[TASK DETAILS]
Hand back every line from the beginning of the data below through the line containing "A resort with", word for word and free of pictures.

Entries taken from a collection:
▬▬▬▬▬▬▬▬▬▬

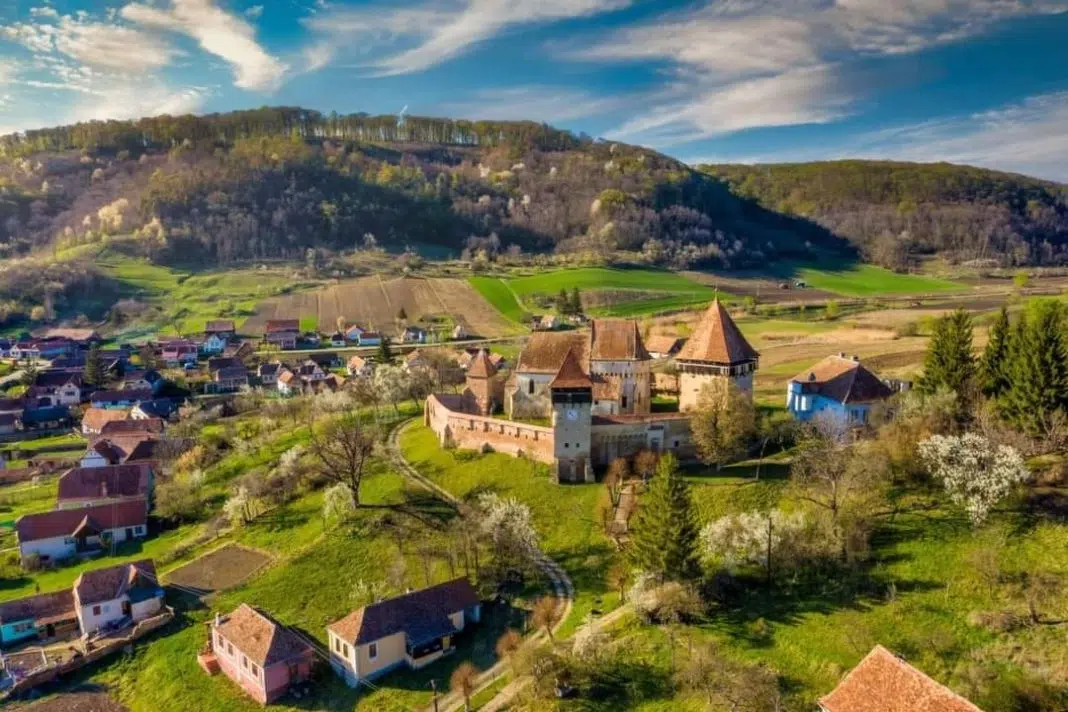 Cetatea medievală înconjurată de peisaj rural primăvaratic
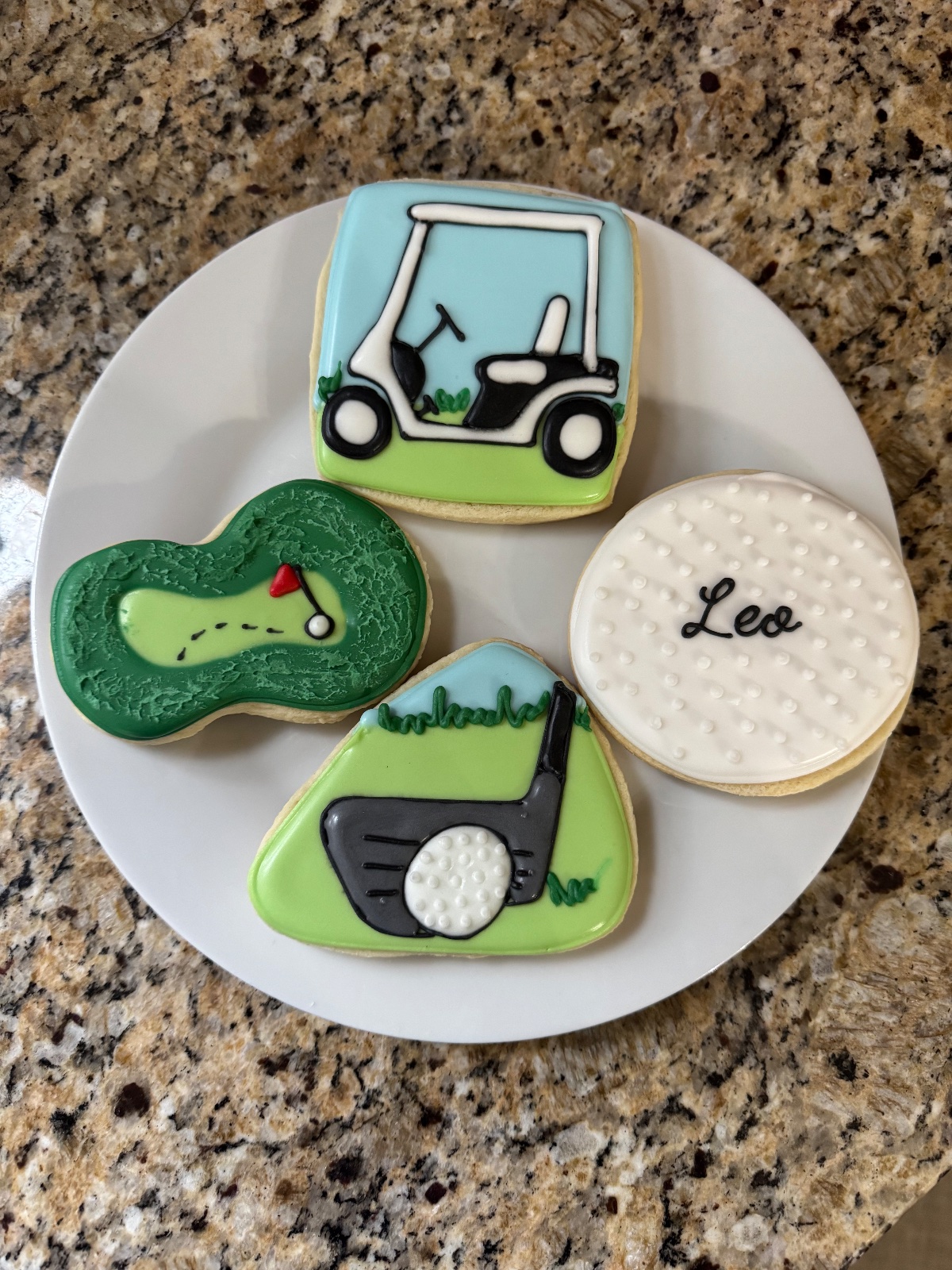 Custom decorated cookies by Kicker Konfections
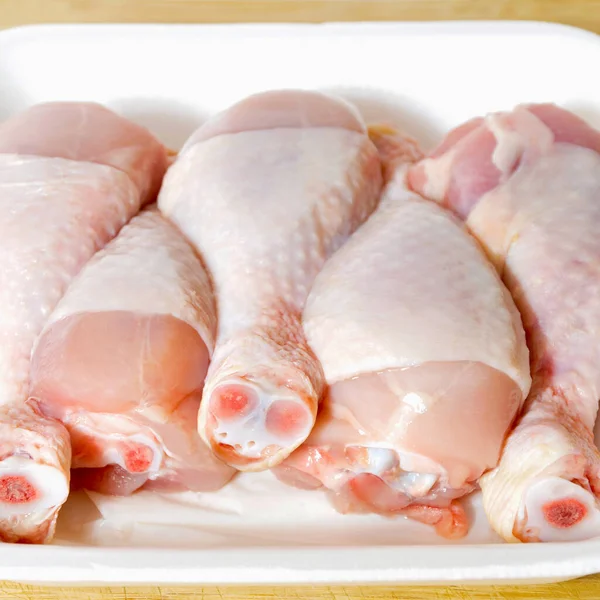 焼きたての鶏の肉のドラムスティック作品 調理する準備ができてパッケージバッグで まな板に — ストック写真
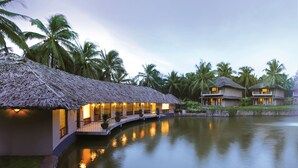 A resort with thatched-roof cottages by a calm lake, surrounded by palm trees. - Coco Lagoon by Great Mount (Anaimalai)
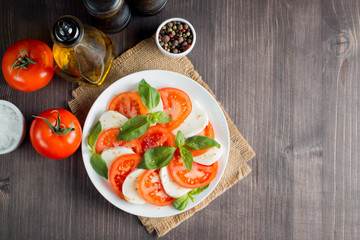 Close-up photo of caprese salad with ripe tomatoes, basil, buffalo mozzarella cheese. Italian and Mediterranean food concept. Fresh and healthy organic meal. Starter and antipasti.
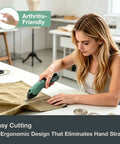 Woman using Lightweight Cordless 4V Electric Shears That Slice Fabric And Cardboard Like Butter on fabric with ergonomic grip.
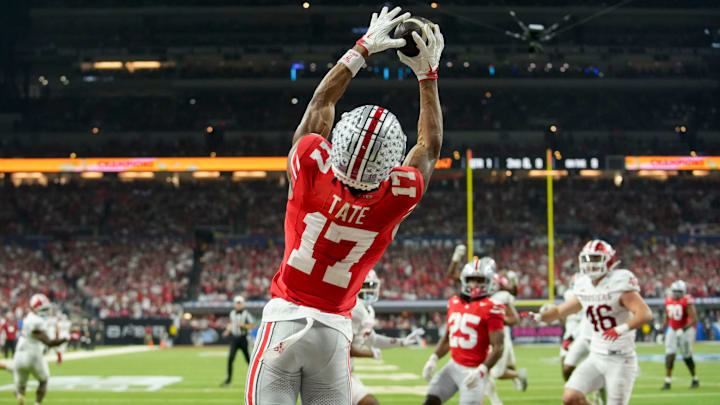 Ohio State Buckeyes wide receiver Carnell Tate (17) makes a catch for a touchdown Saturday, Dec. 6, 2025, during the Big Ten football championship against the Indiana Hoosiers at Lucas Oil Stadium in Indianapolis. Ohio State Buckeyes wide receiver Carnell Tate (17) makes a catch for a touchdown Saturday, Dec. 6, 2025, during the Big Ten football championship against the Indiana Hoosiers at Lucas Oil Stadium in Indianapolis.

▬▬▬▬▬▬▬▬▬▬

[SOLUTION]
 Cetatea medievală înconjurată de peisaj rural primăvaratic
 Custom decorated cookies by Kicker Konfections
 焼きたての鶏の肉のドラムスティック作品 調理する準備ができてパッケージバッグで まな板に — ストック写真
 A resort with thatched-roof cottages by a calm lake, surrounded by palm trees. - Coco Lagoon by Great Mount (Anaimalai)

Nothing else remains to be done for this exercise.